Store design is really working when you are too busy shopping to notice. Zara stores are built to seem airy and light-even on a busy Saturday-while the current in-store look, closely inspired by Prada, is for squadrons of mannequins gathered together to show off the season’s many looks. To decide on how its global stores should appear, Inditex tests entire “streetscapes” of prototypes for new-look Zara stores within a vast hanger at Arteixo. The radical Rome store, the prototype for all new builds, is on target to receive a platinum standard in Leadership in Energy and Environmental Design (LEED), a seal of sustainable architecture that is one of the most demanding of its kind.

9 A hooray from Harvard

The ultimate business plaudit is a study by Harvard business school. What do the money men love? That Zara turns the fashion system, which usually starts with the whim of a designer, on its head, by putting the customer at the heart of a unique business model. But there is a downside: for this model to thrive, Zara’s “designers” are strongly “inspired” by the creations of others, who are neither acknowledged nor paid. Not for nothing had Daniel Piette, fashion director of Louis Vuitton, described Zara as “the most innovative and devastating retailer in the world”.

10 Ethics Appeal 

Inditex is intelligent in its generosity to charity. Following the Haiti earthquake, Inditex sent €2 million of emergency reconstruction relief as cash, not clothes. You might think that those who have lost everything need clothes, but as a result of other fashion giants sending these, local clothing industries have never recovered, leading to a greater dependency on aid, rather than trade.

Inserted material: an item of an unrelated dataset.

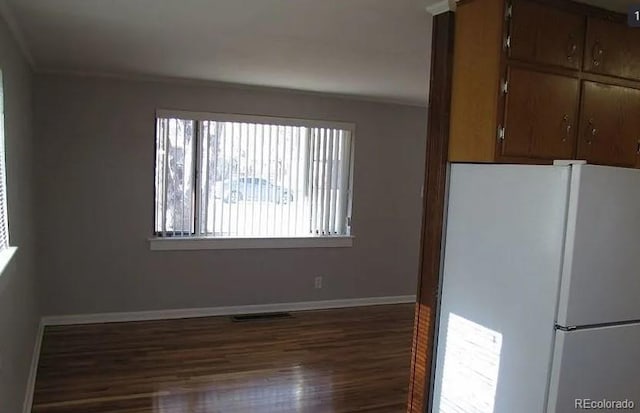 kitchen featuring white refrigerator and dark hardwood / wood-style flooring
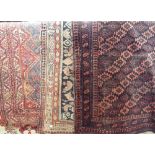 Three antique Persian carpets to include a Persian geometric design on black ground, 180 x 105cm,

In Spain, some stores’ employment practices make it possible for those with mental and physical disabilities to join the workforce.

But let’s hold back on awarding Zara that tenth love point for now; a somewhat murky supply chain makes all fast-fashion tough to love. Potentially vulnerable garment workers manning sewing machines in countries such as Bangladesh, Turkmenistan and Pakistan. In Zara’s favor, though, much of its production is in factories it owns in Spain, meaning it can guard against the scary labour practices that haunt the high street.

However, you can help by letting them know how much that matters and even that you are prepared to pay a little more and wait a little longer to ensure fashion is fairer.

Remember how they listen to customers asking for cream jackets? Use that system to ask for clean jackets at the cash till or via zara.com. You could also suggest that Zara provides “swing tags” that detail your garments journey to you.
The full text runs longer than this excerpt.